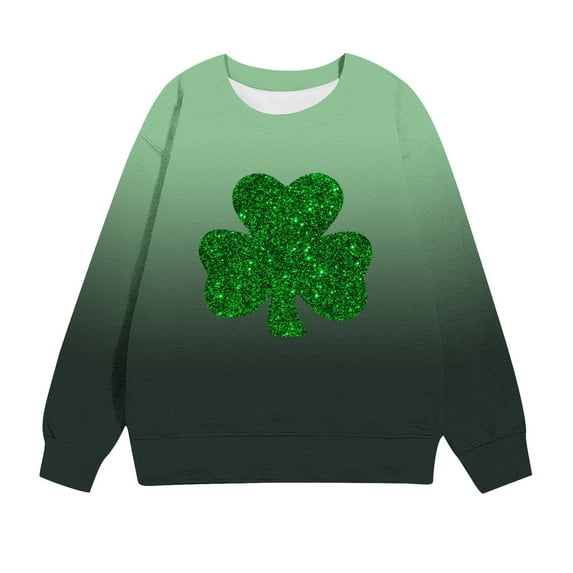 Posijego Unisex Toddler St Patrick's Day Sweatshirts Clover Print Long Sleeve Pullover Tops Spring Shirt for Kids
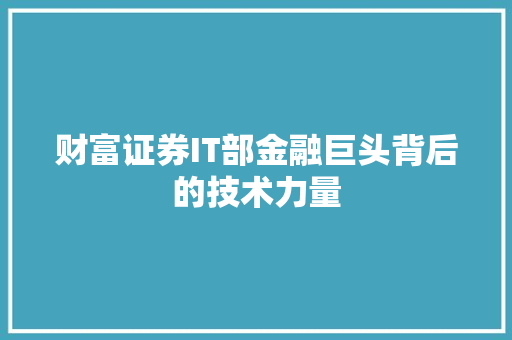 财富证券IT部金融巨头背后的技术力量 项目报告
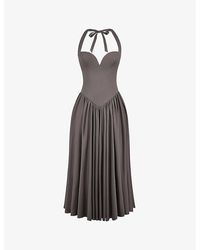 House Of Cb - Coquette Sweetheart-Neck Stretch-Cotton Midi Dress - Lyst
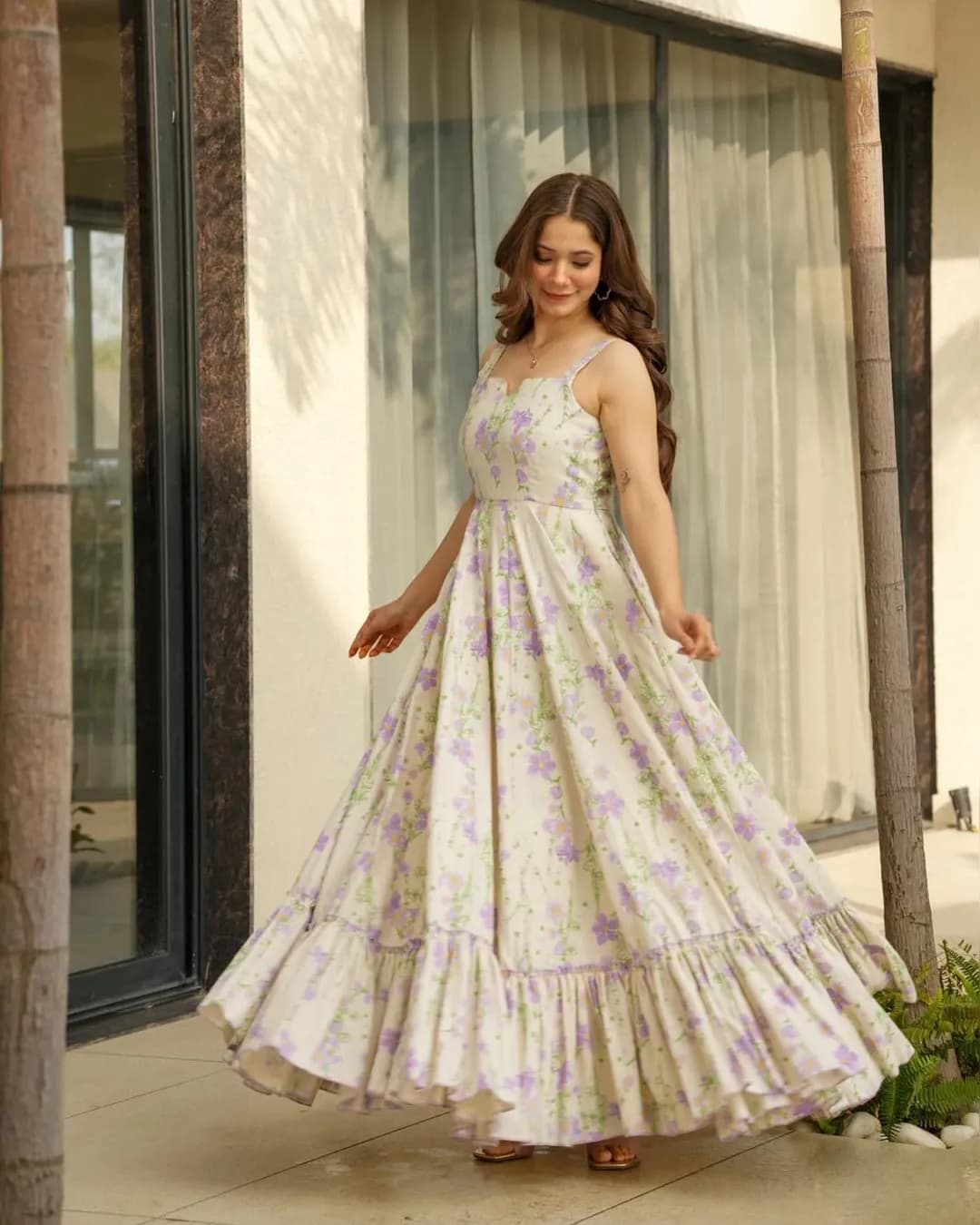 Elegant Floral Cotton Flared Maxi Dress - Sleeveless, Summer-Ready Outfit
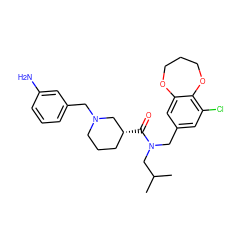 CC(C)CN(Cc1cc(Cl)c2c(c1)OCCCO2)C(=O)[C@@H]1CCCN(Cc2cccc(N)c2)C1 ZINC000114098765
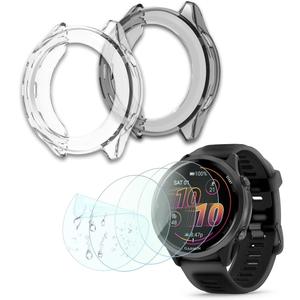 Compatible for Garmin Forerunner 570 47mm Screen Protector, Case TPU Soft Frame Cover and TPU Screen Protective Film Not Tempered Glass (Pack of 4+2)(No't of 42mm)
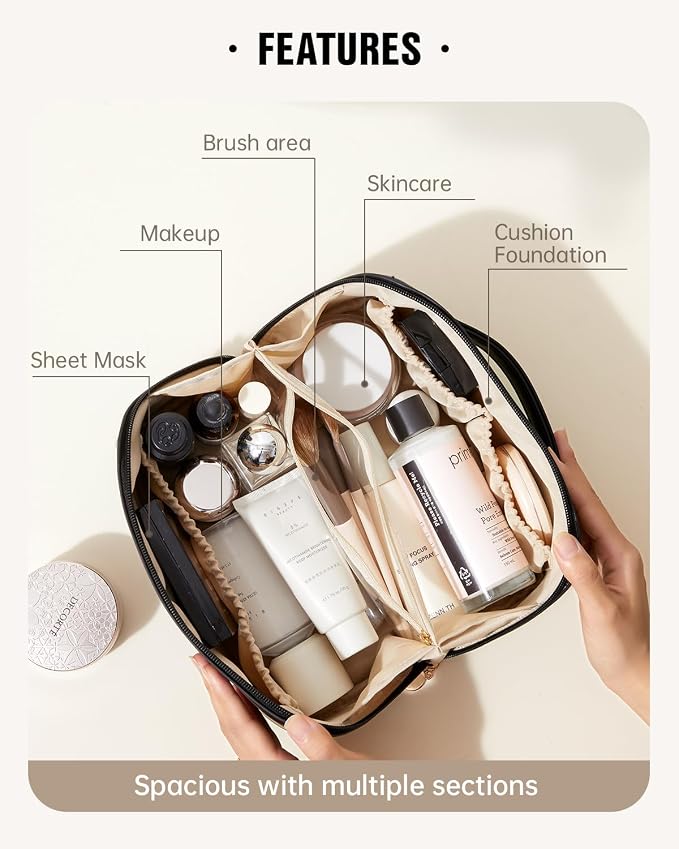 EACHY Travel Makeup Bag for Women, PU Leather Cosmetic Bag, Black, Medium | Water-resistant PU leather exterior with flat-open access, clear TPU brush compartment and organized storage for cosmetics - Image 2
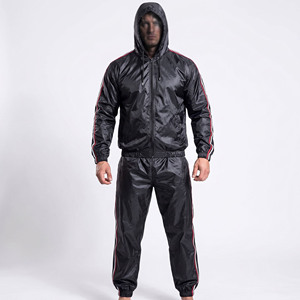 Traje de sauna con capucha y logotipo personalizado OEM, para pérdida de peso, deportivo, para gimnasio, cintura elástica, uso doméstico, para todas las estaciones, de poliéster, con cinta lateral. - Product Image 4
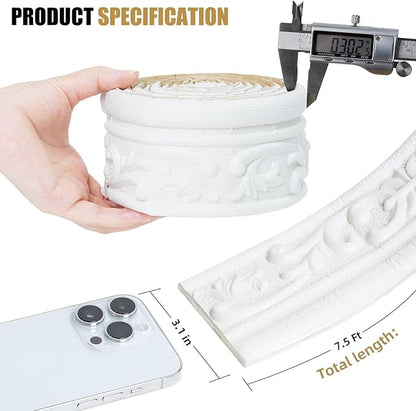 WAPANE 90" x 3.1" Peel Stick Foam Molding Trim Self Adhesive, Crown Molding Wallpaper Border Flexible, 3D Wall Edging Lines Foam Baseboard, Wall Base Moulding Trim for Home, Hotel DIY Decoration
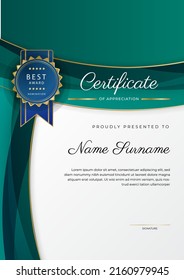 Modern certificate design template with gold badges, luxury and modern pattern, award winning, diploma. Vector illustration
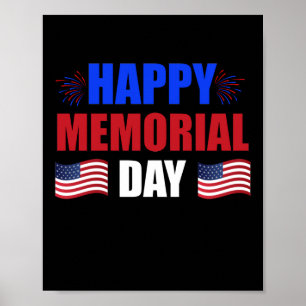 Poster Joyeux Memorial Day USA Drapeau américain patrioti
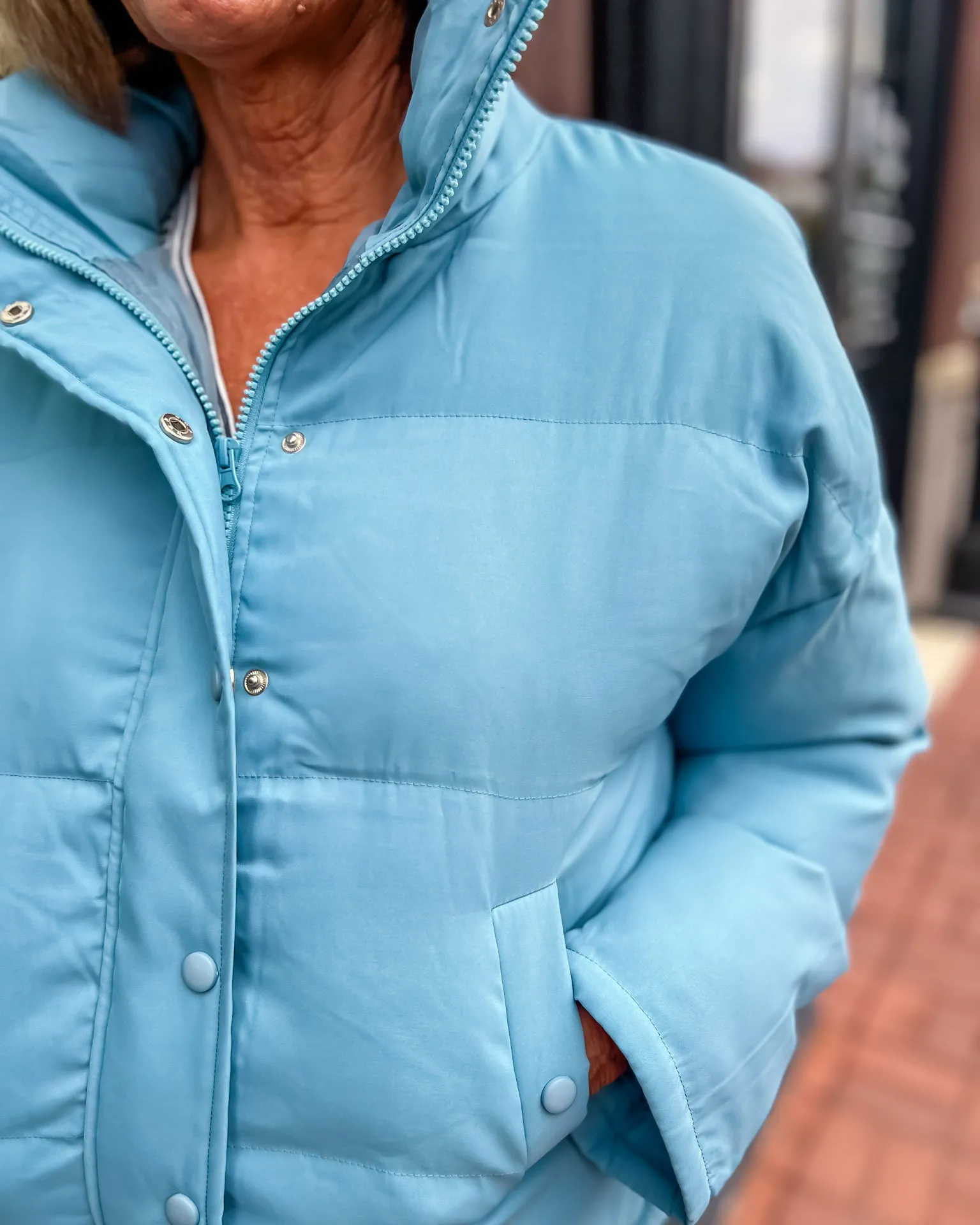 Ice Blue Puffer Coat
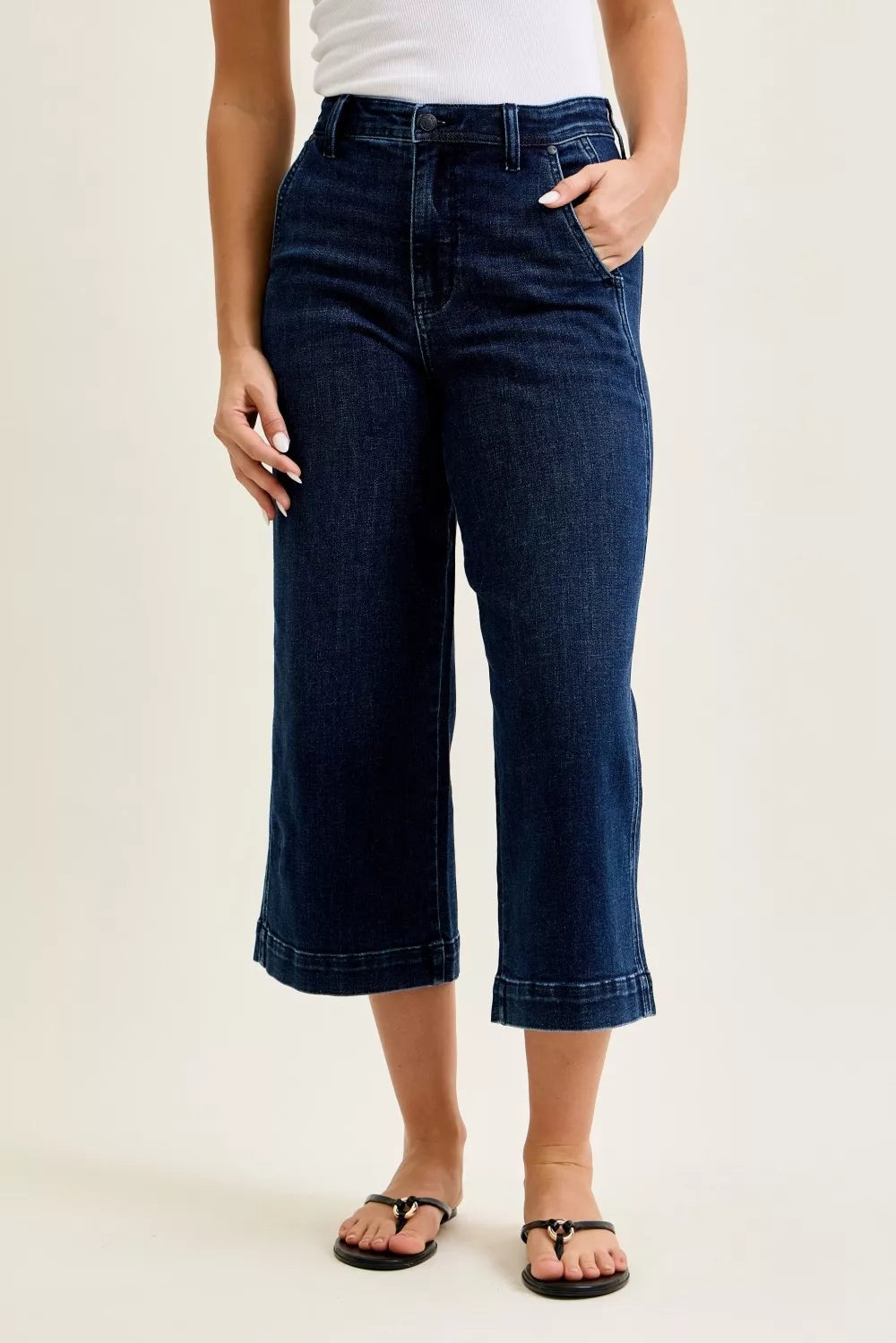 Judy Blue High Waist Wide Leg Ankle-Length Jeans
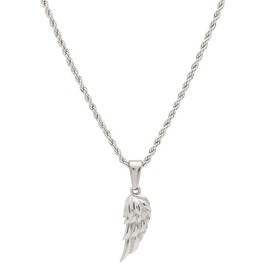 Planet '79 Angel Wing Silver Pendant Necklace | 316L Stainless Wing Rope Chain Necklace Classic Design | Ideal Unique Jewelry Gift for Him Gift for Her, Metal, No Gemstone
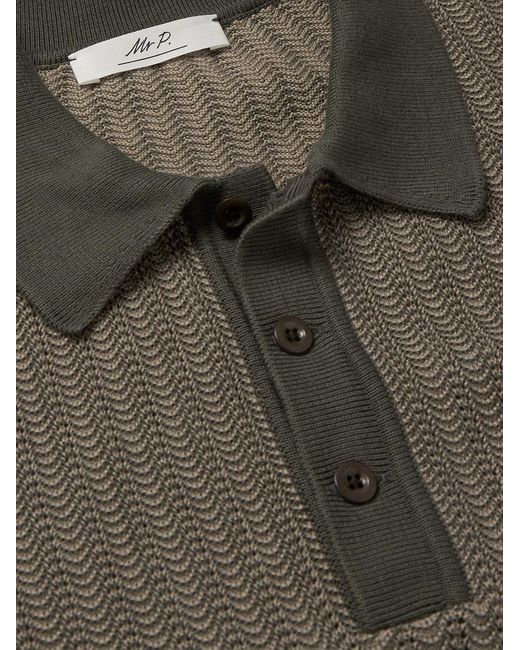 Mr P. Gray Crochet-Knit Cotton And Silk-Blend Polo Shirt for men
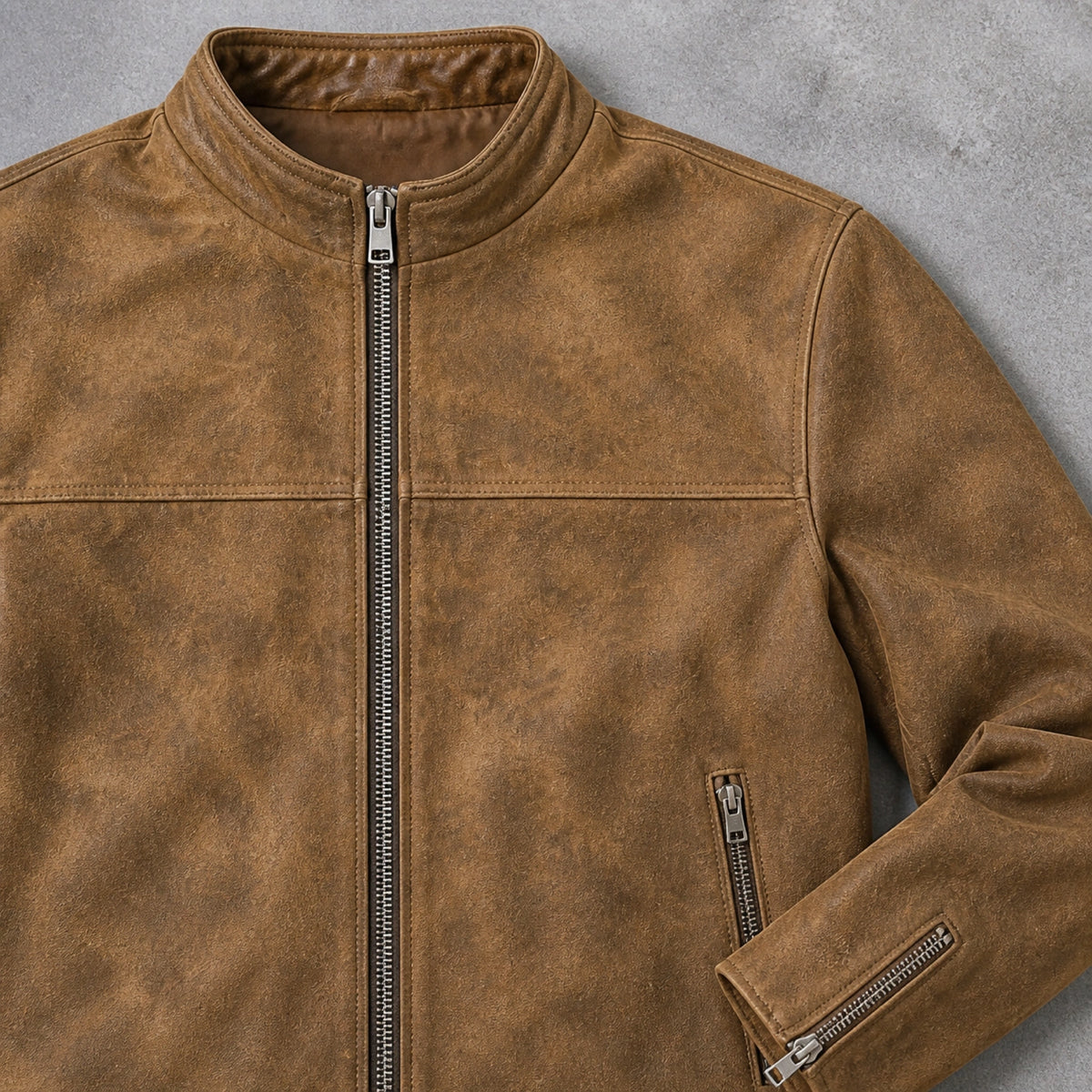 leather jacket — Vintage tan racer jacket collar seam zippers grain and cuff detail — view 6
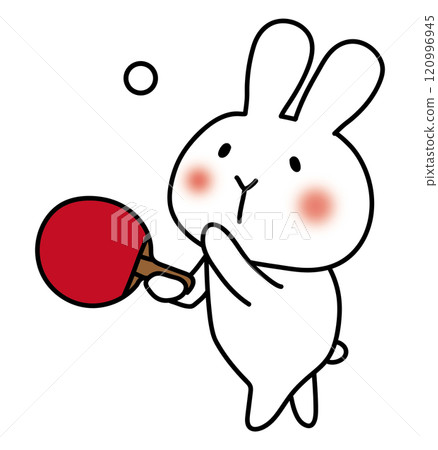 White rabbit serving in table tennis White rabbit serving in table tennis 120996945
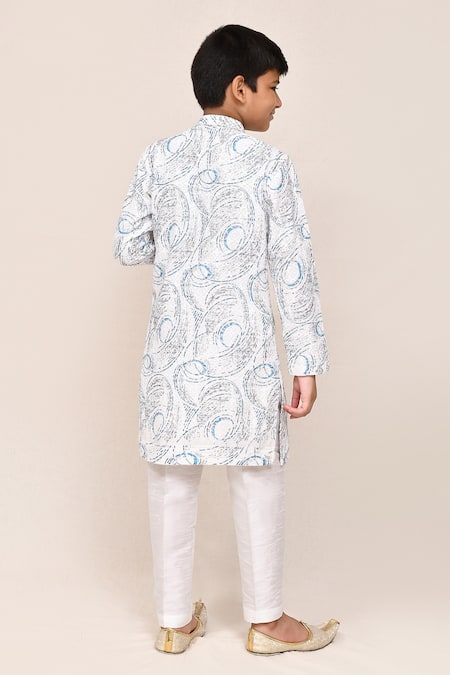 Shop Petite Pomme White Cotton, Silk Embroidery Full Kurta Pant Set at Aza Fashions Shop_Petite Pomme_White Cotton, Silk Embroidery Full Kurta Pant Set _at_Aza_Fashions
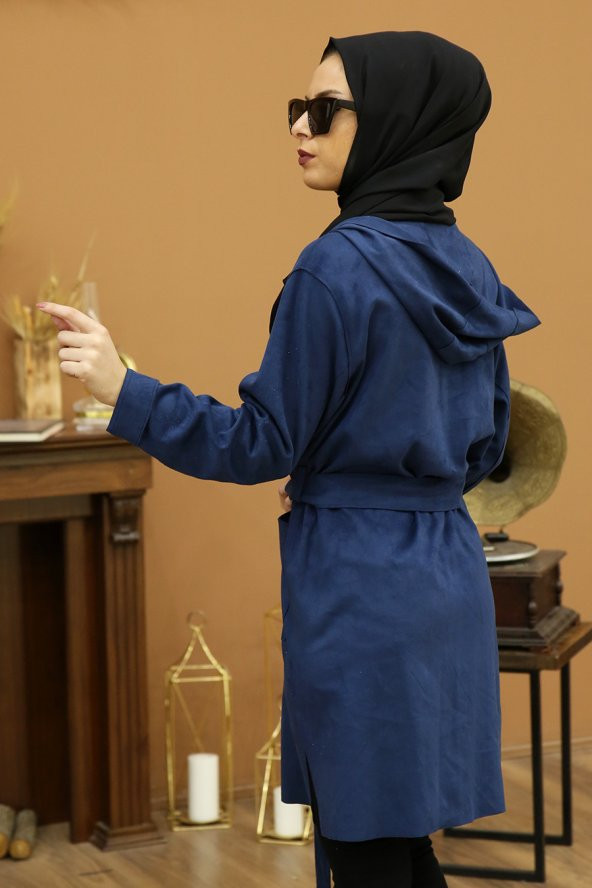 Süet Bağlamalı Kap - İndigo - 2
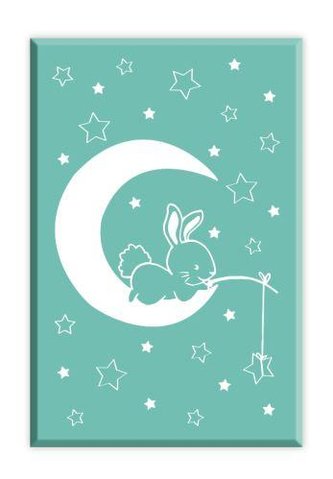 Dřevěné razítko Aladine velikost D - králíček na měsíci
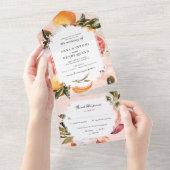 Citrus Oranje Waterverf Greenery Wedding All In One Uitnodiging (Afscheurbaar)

--------------------

Brief ▸ Go to the line above holding "Poster Joyeux Memorial", then copy exactly each line down to and including the one holding "Mr P. Gray Crochet-Knit", leaving pictures out.

Answer section ▸
 Poster Joyeux Memorial Day USA Drapeau américain patrioti
 Ice Blue Puffer Coat
 Judy Blue High Waist Wide Leg Ankle-Length Jeans
 Planet '79 Angel Wing Silver Pendant Necklace | 316L Stainless Wing Rope Chain Necklace Classic Design | Ideal Unique Jewelry Gift for Him Gift for Her, Metal, No Gemstone
 Mr P. Gray Crochet-Knit Cotton And Silk-Blend Polo Shirt for men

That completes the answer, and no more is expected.